Da mesma forma, foi ufanista a comemoração do dia 11 de setembro. Muito antes que um lamento, as reportagens veiculadas na mídia pareciam lembrar um festejo. Ufanismo, sim, porque os Estados Unidos pareceram ser vítimas indefesas numa semana que se falou sobre os dez anos da tragédia do World Trade Center e se deixou de refletir sobre a independência do Brasil no dia 7 e a Revolução Farroupilha no dia 20.

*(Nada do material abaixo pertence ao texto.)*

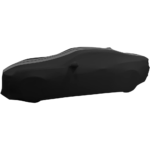 2010-2024 Camaro Ultraguard Sport Series Stretch Satin Indoor Car Cover : Black with Gray Stripes - Image 4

É bairrismo haver uma única pauta: as Torres Gêmeas. Um colunista disse que estava lá no dia e que, devido ao imediatismo dos meios de comunicação, a única diferença existente entre assistir pela televisão e presenciar era o olfato. Um cheiro de pó insuportável. Outra colunista relatou que já tinha um texto pronto, mas que ao assistir à tragédia, fez um novinho para o periódico, falando na nossa vulnerabilidade. Sim, a dita vulnerabilidade.


Sim, foi muito triste a queda dos prédios, as pessoas mortas, o tempão que demoraram a encontrar muitos corpos e o desespero dos familiares sem saber se o filho, a filha ou o pai comporia o nome na lista de falecidos. Mas falar sobre esses fatos apresentando os Estados Unidos como a vítima que nunca fez nada a ninguém é uma demonstração de total falta de senso crítico. Falta de senso crítico e muito bairrismo.

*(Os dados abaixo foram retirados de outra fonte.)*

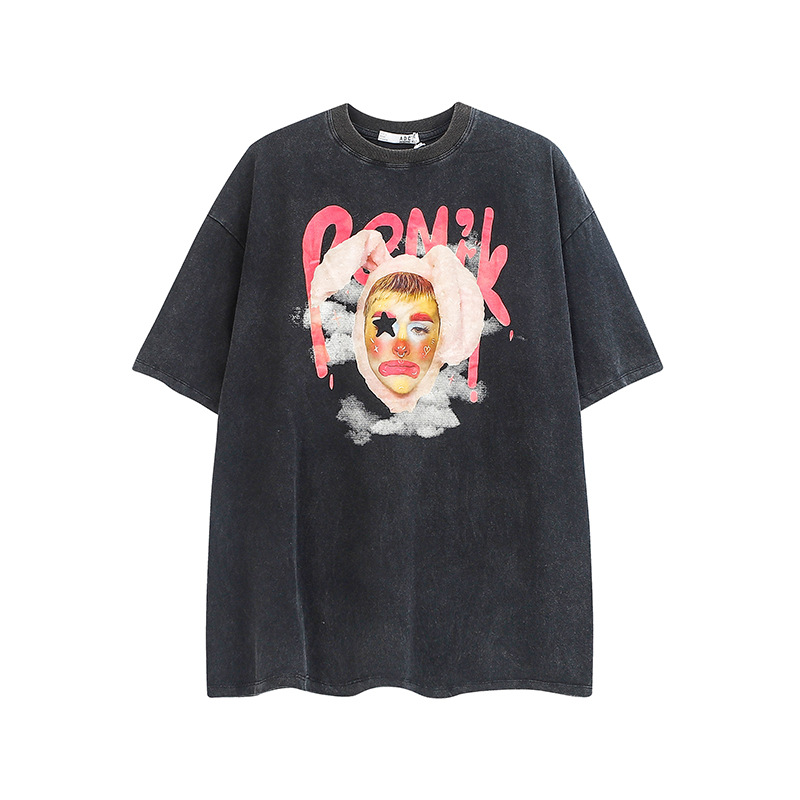 La marca de moda lavada vintage payaso impreso camiseta de manga corta para hombres y mujeres camiseta de media manga de pareja de moda nacional de moda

Pensar que o Rio Grande do Sul é o melhor estado do Brasil também é ser bairrista demais. Ele é apenas diferente. Acreditar que o Brasil é uma terra de gente boa e feliz é ter amnésia do que se assiste, ouve e lê nos noticiários diariamente. Há muita imoralidade, falta de caráter e nem precisamos virar a esquina para presenciar. Achar que os terroristas não usam gravatas e são apenas aqueles que põem bomba no corpo é afrontar a capacidade humana de pensar.


Quando valorizamos o que é nosso não quer dizer que desprezamos o resto. Se o fazemos é porque gostamos. E isso é sadio. Mas o amor em excesso chama-se obsessão e de amor louco, muita gente já morreu. Morreu cego. Cego de amor e vazio de razão. Por isso que o bairrismo, quando deixa de ser uma piada e passa a ser uma ideia cega é tão perigoso quanto amar desesperadamente: esquecemos as outras versões da história e acreditamos que esse nosso mundinho é o único correto. E, possivelmente, não é.